もしかしたら、スタッフめいたものをやるかもしれない。
まず。うまれたばかりの細胞みたいな
なまなましく元気なこどもらが
一斉に、体育館じゅうにウジャウジャどわわといる、のを見る。
そして、こどもらを下の名前で呼びつけて点呼する
先生たちの、手際のよさと夢のようなパワフルさ、ユーモア、
機知、を見る。
気が遠くなる。
「わたしにかれらのようなこどもの指導は、むり」
とニコニコ白眼をむいて微笑みつつ
後頭部をビリビリとしびらせつつ、思う。
だけど、いったんこどもらが席について、
ワークショップがはじまってしまえば、大丈夫だった。
ように思う。
「はじめまして。

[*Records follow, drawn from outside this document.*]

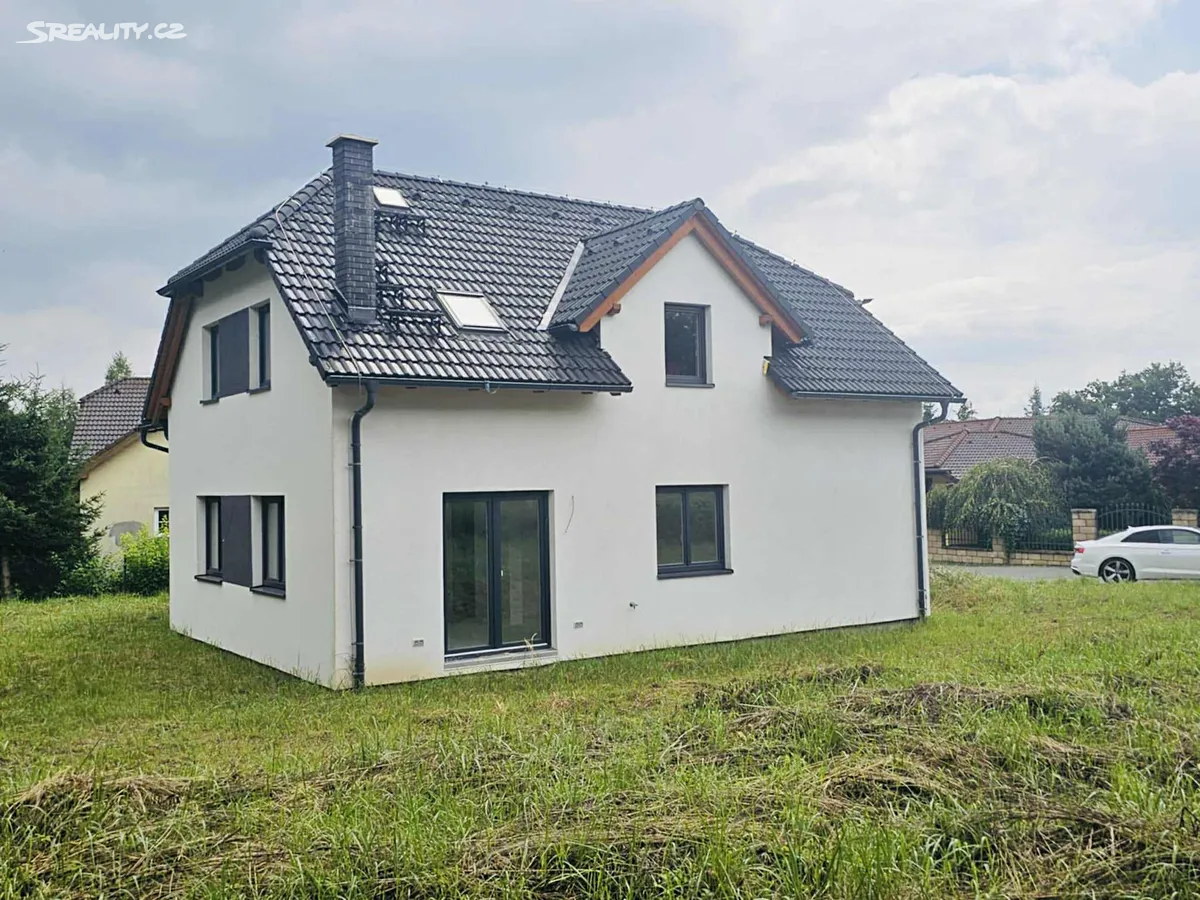 Pronájem rodinného domu 183 m², pozemek 1005 m² – další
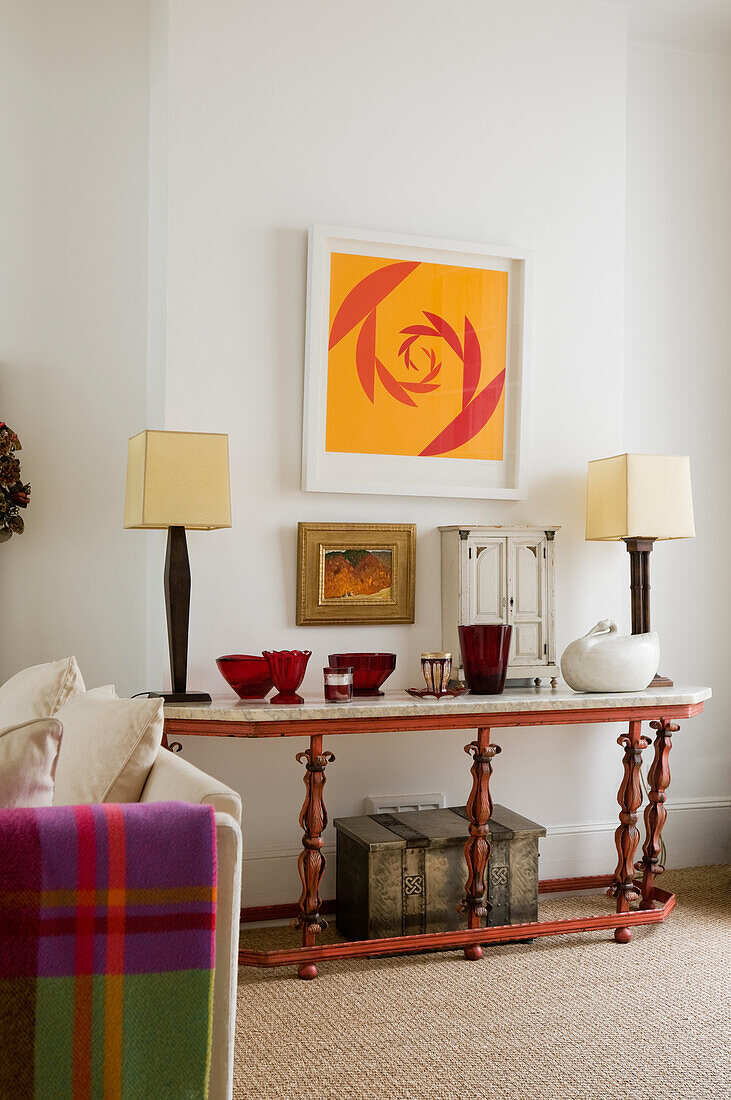 Sideboard im klassischen Stil mit Gemälde und Tischlampen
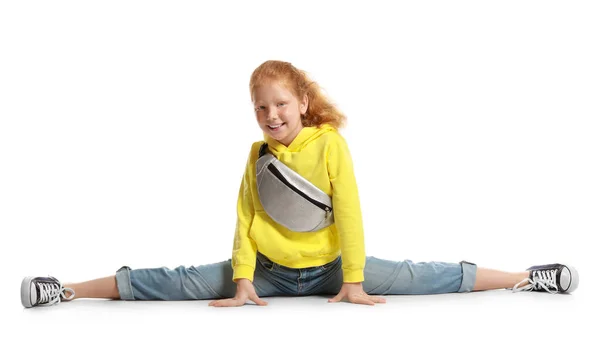 Pequeña Pelirroja Con Bolsa Culo Haciendo Splits Sobre Fondo Blanco — Foto de Stock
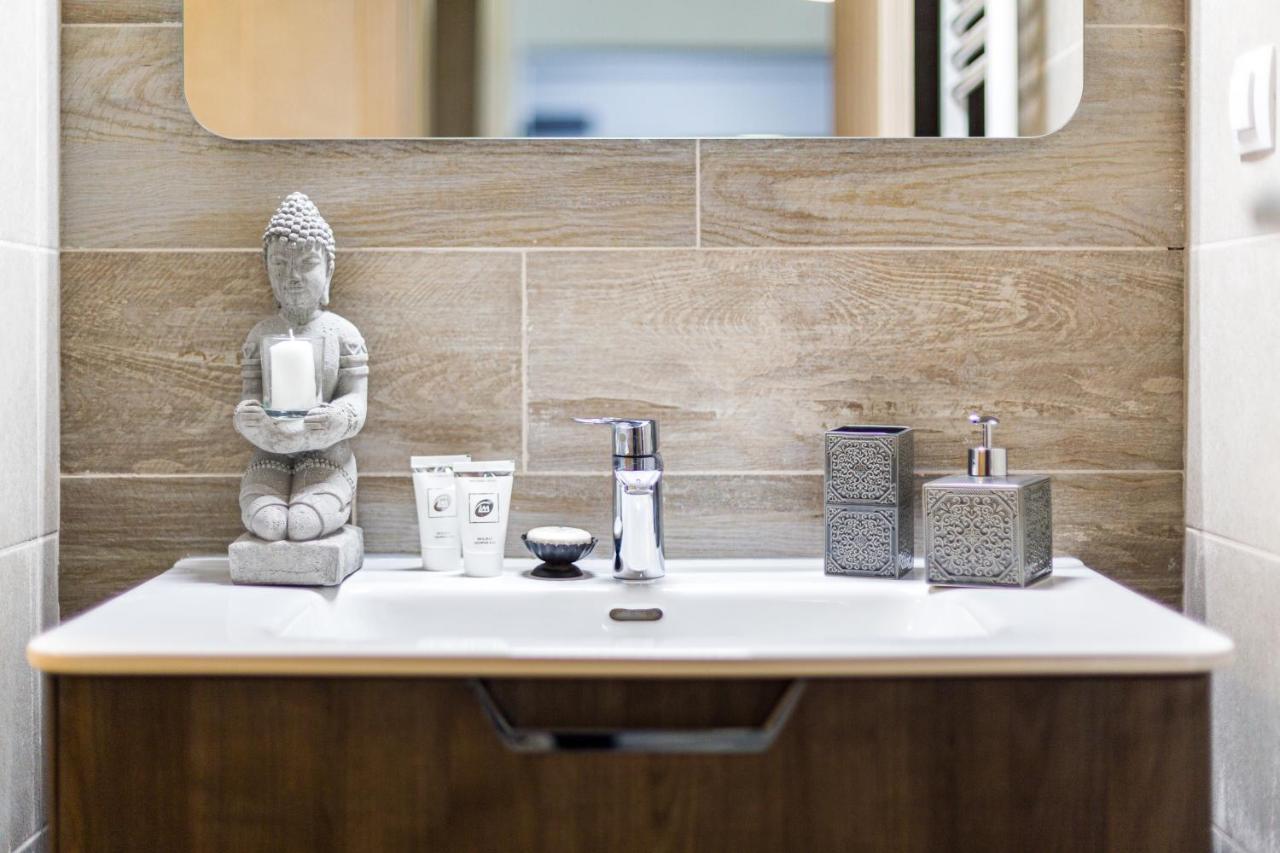 Unique Hotel Apartments Grand Residence 이아시 외부 사진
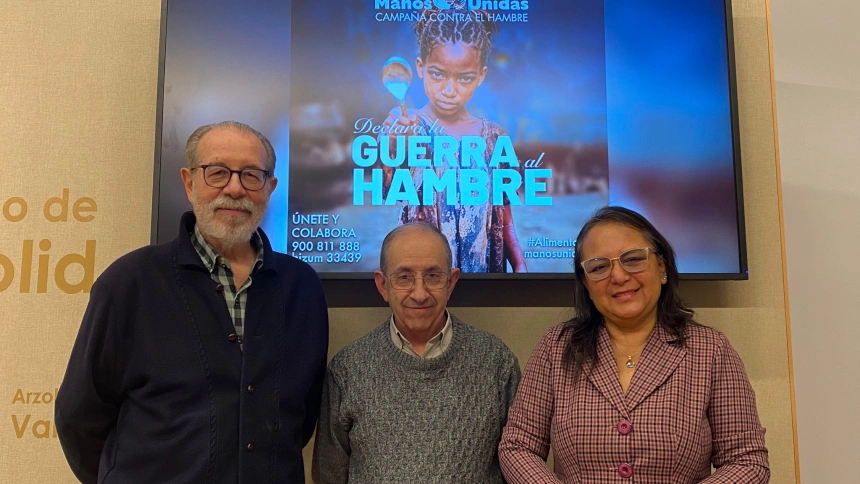 Presentación de la campaña de Manos Unidas contra el hambre, a cargo del consiliario de Manos Unidas en Valladolid, José María Gil, y el presidente-delegado de la entidad, Antonio Álvarez.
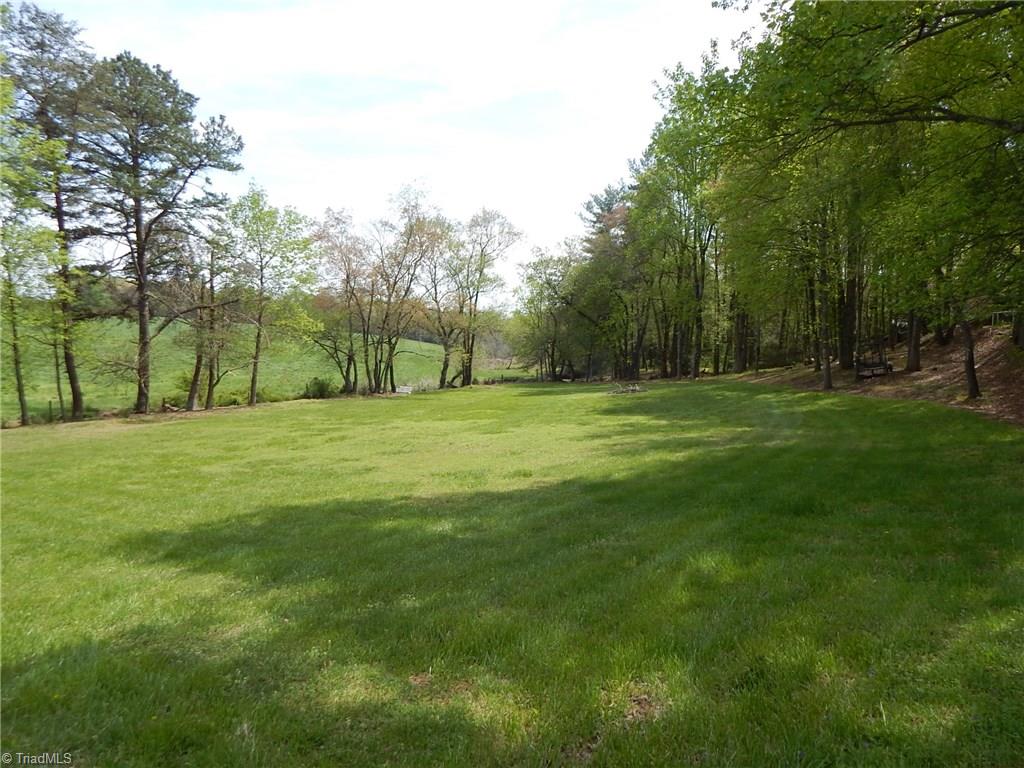 1655 Barker Road Roaring River, NC 28669 - Photo 9 of 27 Gallery Image 9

わたしは、マルーといいます」
「マル?マルー??何人?」
「こう見えて(こどもらの反応ナシ)純日本人です」
「顔が丸いからマルーなのー?」
「そうです(めんどうなのでそういうことにする)」
「えっ、そうなんですか(学童のスタッフTちゃん)」
こどもらは、物珍しい、変わったおとなにやさしい。
わたしが女のこどもたちにたのまれて
絵を描いていると、真剣に「おおお」とよろこんでくれる。
絵を描いて、よろこんでもらえると、嬉しい。ほんとうに嬉しい。
これはもう物心ついたころから、かわらない。
プリミティブなよろこび。
そしてつい、おもしろくなって黙って描きつづけていたら
「マルーは絵を描くのが、すきなの?」と聞かれる。
「うん。この世で一番好き」と、思わず知らずつよい言葉がでる。
自分でも「この世で一番」なんて過激な言葉がでたことに、おどろく。
女のこどもたちも、一瞬たじろぐのがわかる。
「この世で一番…」
「うん。そういうのある?なくていいんだけど。なんでもいいし。食べることとか」
なぜだかすごくはずかしい。
「え〜…」
女のこどもたちは目を見合わせて笑って、言葉を濁した。
その笑い方。気をつかわれたな、と思う。
そうだよね。そんな大事なこといきなり聞かれてもわかんないし
わかったとしても言うもんでもない。愚問だった。
男のこどもたち。
絵を見ていて「おもしろいね」と素で言うと
話しかけられたことに戸惑いもせず、勝手に説明しながらグングン絵を描いていく。
頭で考えた目的なく描いていく。描くのが終わると、それを振り回して遊ぶ。
そうしてしばらくすると、さびしそうに「もう、帰ってもいい?」と聞く。
ワークショップが終わると、階下のろうかに居並ぶ
蚕たちを見にいった。
この小学校では、こどもたちが蚕を飼っているのだ。
しゃりしゃり
しゃりしゃり
しゃりしゃり
真っ白い蚕たちが、もくもくと葉っぱを食べつづける音だけがする。
夢をみているような気分になる。
「蚕って、さわるときもちいいんですよ」
学童スタッフのTちゃんが教えてくれる。
本当は虫全般苦手なのだけど、
「これは猫だ」と思って、白い体を撫でさすってみる。
まさに、絹のようなしっとりとした手触り。
「これを、下唇にあてるとさらにきもちいいんですよ」と、さらにTちゃん。
そこまでは、しない。
さっきのワークショップにいたちいさな女の子も、
いつのまにかそばに、来ていた。
「そのうちみんな眠(みん)に入って、それからからだのまわりが
黄金色のおしっこでパンパンになって、そうして繭になるんだよ」
それを聞いて、なんと、黄金色のおしっこでパンパンになるのか、
と、うっとりとする。
「すごいね。神話みたいだね」と、返す。
「うん。そうなの」
彼女はランドセルをぶらぶらさせながら、
なかなか家に帰ろうとしない。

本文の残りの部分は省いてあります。